Ricardo Bada: Cartas desde Alemania
Un tema acerca del cual siempre he querido escribir es el de aquellos lugares míticos que inventó la fantasía de los escritores, incluso partiendo, como lo hicieron Homero y Cervantes, de lugares que existen en la realidad geográfica.
Creo que el primero de los no españoles ni latinoamericanos que conocí, aunque sin saberlo en su momento, fue Camelot, cuando leí a mis diez u once años Un yanqui de Connecticut en la corte del Rey Arturo, de Mark Twain. Recién caí en la cuenta al conquistar la Casa Blanca el Camelot gringo: me refiero al clan de los Kennedy.
Pero dizque de manera consciente, el primero de todos está en Ohio y se llama Winnesburg.
La novela Winnesburg, Ohio es una joya de la literatura estadunidense, y Sherwood Anderson, su autor, un gigante poco nombrado de dicha literatura. Fue, además, el maestro reconocido por William Faulkner, a quien debemos otro de esos sitios míticos, el condado de Yoknapatawpha, una referencia inapelable de lo que Goethe llamaba Weltliteratur, literatura universal.
Y en la que se escribe en nuestra lengua hay cinco que debemos tener siempre presentes. Supongo que la secuencia que hago de los mismos se corresponde con la cronología de su publicación. En primer lugar Santa Fe de Tierra Firme, donde Valle-Inclán hace que se desarrolle la acción de su Tirano Banderas, relato “a mi entender divino/ si escondiera más lo humano”. Le sigue Santa María, escenario donde sitúa Juan Carlos Onetti la mayoría de sus novelas y cuentos, de un poderío verbal extraordinario.

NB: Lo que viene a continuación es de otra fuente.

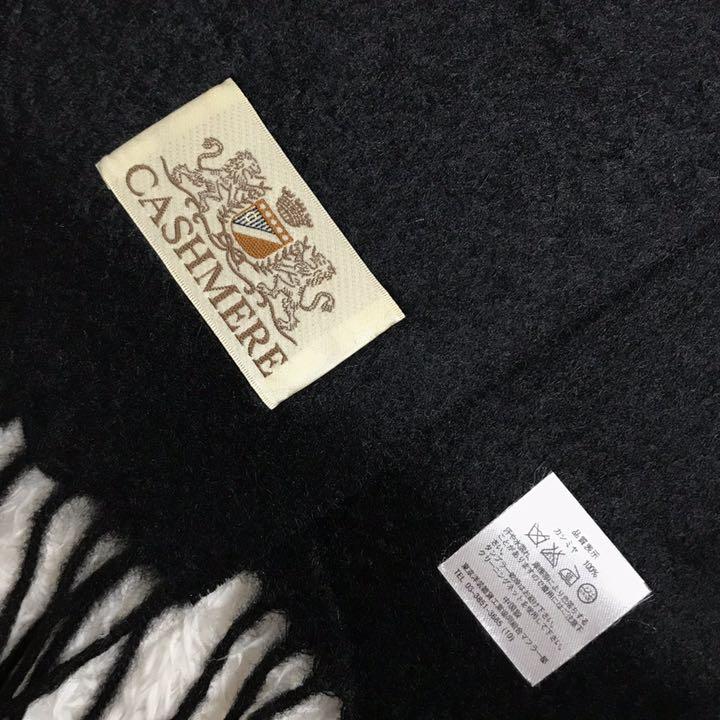 ォーマンス メロス様専用 マフラー YCWZf-m72352612224 ホワイトカシミヤ マフラーで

Y luego viene ese pueblo habitado por fantasmas que es Comala, en el que impera la voluntad omnímoda del despótico Pedro Páramo. ¿Hará falta decir que el cuarto de la lista es Macondo, devenido famoso en el mundo entero gracias a Cien años de soledad?
El Valle, en cambio, necesita explicación, porque no tengo la impresión de que se conozca mucho fuera de Estados Unidos la literatura chicana, y de ella la obra portentosa del texano Rolando Hinojosa.

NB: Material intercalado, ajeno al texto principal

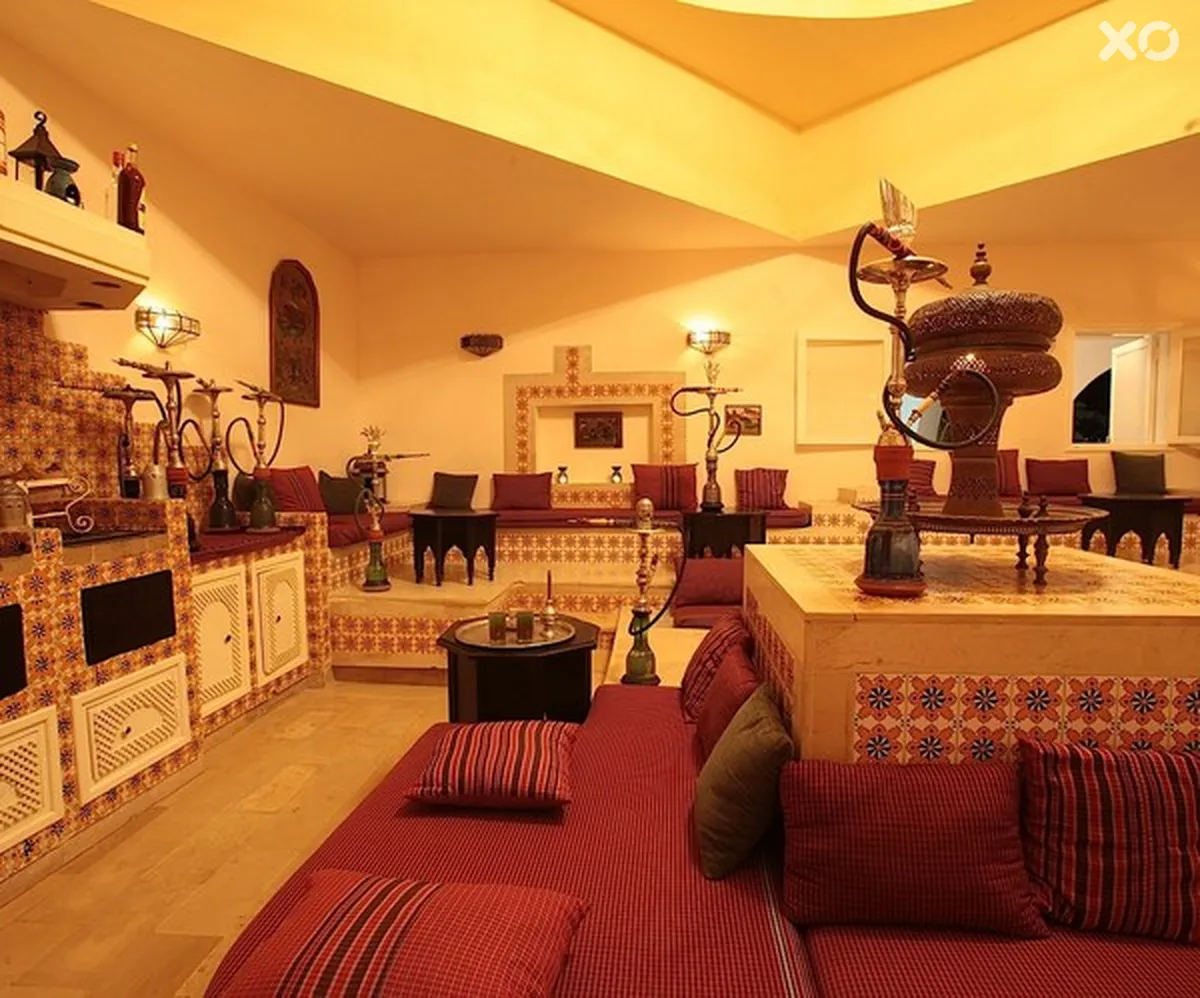 Seabel Rym Beach Djerba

Un profesor alemán especializado en esta obra, Wolfgang Karrer, ha establecido el censo de los personajes que pueblan El Valle, y su número se acerca al millar. Es un mundo lleno de savia y de vida, de gracia narrativa como muy pocas veces le fue concedida a un narrador de nuestro idioma: a Galdós tal vez, tan amado por Hinojosa, quien escribió su tesis de doctorado acerca del dinero en la obra de don Benito. Y recuerdo con mucha emoción cómo le acompañé a recorrer los lugares galdosianos del barrio en torno a la Plaza Mayor de Madrid, y cómo se sintió transportado al mundo de la novela mayor de don Benito cuando lo llevamos a nuestro alojamiento madrileño, en una de las modernas buhardillas construidas sobre el último piso de la suntuosa casa donde vivió Jacinta, en el número 1 de la calle Marqués Viudo de Pontejos.
Mi compadre José María Ruiz Palacio, poeta colombiano, una de las personas que lee mis textos antes de que se publiquen, me escribió al respecto: “Me late que hasta los que no somos escritores ‘consagrados’ tenemos un lugar imaginario en el que recreamos nuestras fantasías. Y escribiéndote se me ocurre que los autistas y los que sufren alzhéimer viven ya de un todo y por todo, desde luego involuntariamente, en un universo paralelo, o por lo menos en una dimensión alterna de la razón y la conciencia.”
Tengo que darle la razón (y lo sé por una dolorosa experiencia personal) pero dije al principio que hay lugares inventados por la fantasía de los escritores, incluso partiendo –como Homero y Cervantes– de lugares que existen en la realidad geográfica. Y sí, Ítaca es una pequeña isla griega del mar Jónico. Pero la Ítaca de Homero en su Odisea es otra cosa. ¿Y qué decir de esa región española que Cervantes dejó de nombrar cometiendo una incorrección política que hoy en día no podría permitirse? Ya saben: “En un lugar de la Mancha de cuyo nombre no quiero acordarme.” ¿Es esa Mancha de Don Quijote la misma que atraviesan los AVE [los trenes de Alta Velocidad Española] a más de 250 km/h?